"We are not restful people who occasionally become restless. But we are restless people who occasionally become restful.” (Henri Nouwen)
I invite you to just lean back in your memory of your everyday experiences and recall where you wait: for your medicine, or for it to take effect, for your meals, for a phone call, a visit, or a letter. Or you wait for the result of your tests, or for healing. (Pause) Think of a time you waited and how you felt. Turn and tell someone where you have waited – share how you felt. How did it change you?
We wait because we have to – sometimes we have no choice but to wait. And we may wait impatiently, looking at our clocks, calendars, watches – or maybe we even find ourselves complaining – if not verbally, then we may hold it in and do some “internal global whining.” Our culture tends to view waiting as an inconvenient necessity or as an outright injustice that stems from a variety of factors, for example:
• We see time as a resource to be controlled and allocated for our own personal gain and convenience.
• We allow time to run our lives, hurrying to and from scheduled appointments and on to the next appointment.
• We see waiting as a certain sign that something is wrong that should have been fixed but was not.
• Our entertainment, from television, to radio talk shows, to movies has created an illusion that all problems are resolvable in something less than two hours or even less than that.
• Our culture tends to prize action more than meditation, speed rather than slow progress and arriving rather than the journey.

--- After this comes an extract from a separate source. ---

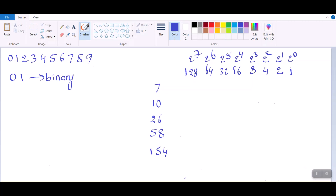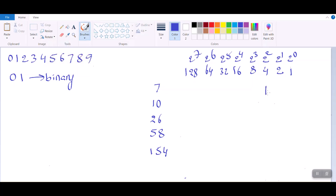Let us see 7. 7 means 4 plus 2 plus 1, so you can have 1s in those places and remaining all places are 0s. For 10: 10 is 8 plus 2, and then remaining all places are 0.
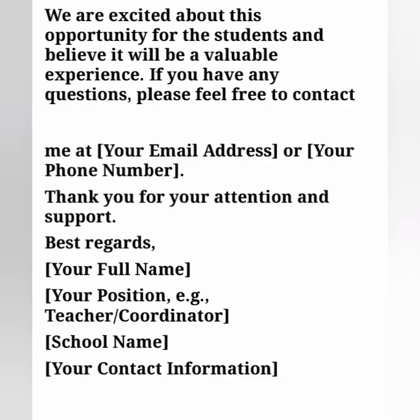Then write: 'We are excited about this opportunity for the students and believe it will be a valuable experience. If you have any questions, please feel free to contact me at [your email address] or [your phone number].' Mention either your email address, phone number, or both.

So in our culture, waiting sometimes bores and often irritates us however we may find that at every stage of our lives some new forms of waiting are involved. However the Scriptures teach us that if we approach waiting in the right spirit, waiting is a creative moment when we grow spiritually. When we wait, we are in touch with an essential aspect of our humanity which is that we are dependent on God and on one another. It is also an act of love since, by waiting for others; we pay them the respect of letting them be free. Waiting is a mystery – God waits and nature waits – so that when we as individuals wait we go beyond ourselves and enter into sacred life-giving process, experiencing that we are made in the image and likeness of God. This is why Advent is a time of celebration.
Advent is the season when we remember with gratitude creative experiences of waiting in our lives or the lives of people we have known, the people who have waited for us at one time or another. We also remember the great waiting experiences in human history, in the Scriptures, and especially in the life Jesus. Today, we have come to reflect on faithful waiting. Henri Nouwen writes that, “Faithful waiting is the antidote to fear and self-doubt. It is believing God can accomplish in us something greater than our imaginings.”
Waiting teaches us to live life in increments, in small pieces rather than large chunks. Waiting teaches us to measure our progress slowly. It is hard to trust in God’s time - Kyros time – God’s slow unfolding time. God’s time is different from our time - Chronos time - time of clocks and calendars. On God’s time, we are often waiting for the bigger picture but must be content with each small piece. When we are waiting, we put one foot in front of the other every morning and evening. Henri Nouwen says that sometimes we have enough light only for the next step. Faithful waiting teaches us patience. The word patience means the willingness to stay where we are and live the situation out to the fullest in the belief that something hidden there will manifest itself to us. Impatient people are always expecting the real thing to happen somewhere else and therefore want to go elsewhere. The moment is empty. But patient people dare to stay where they are. Faithful waiting means nurturing the moment.
So this week, let us ask for the grace to be open to Advent opportunities to practice holy waiting, and to grow in being restful in our restlessness!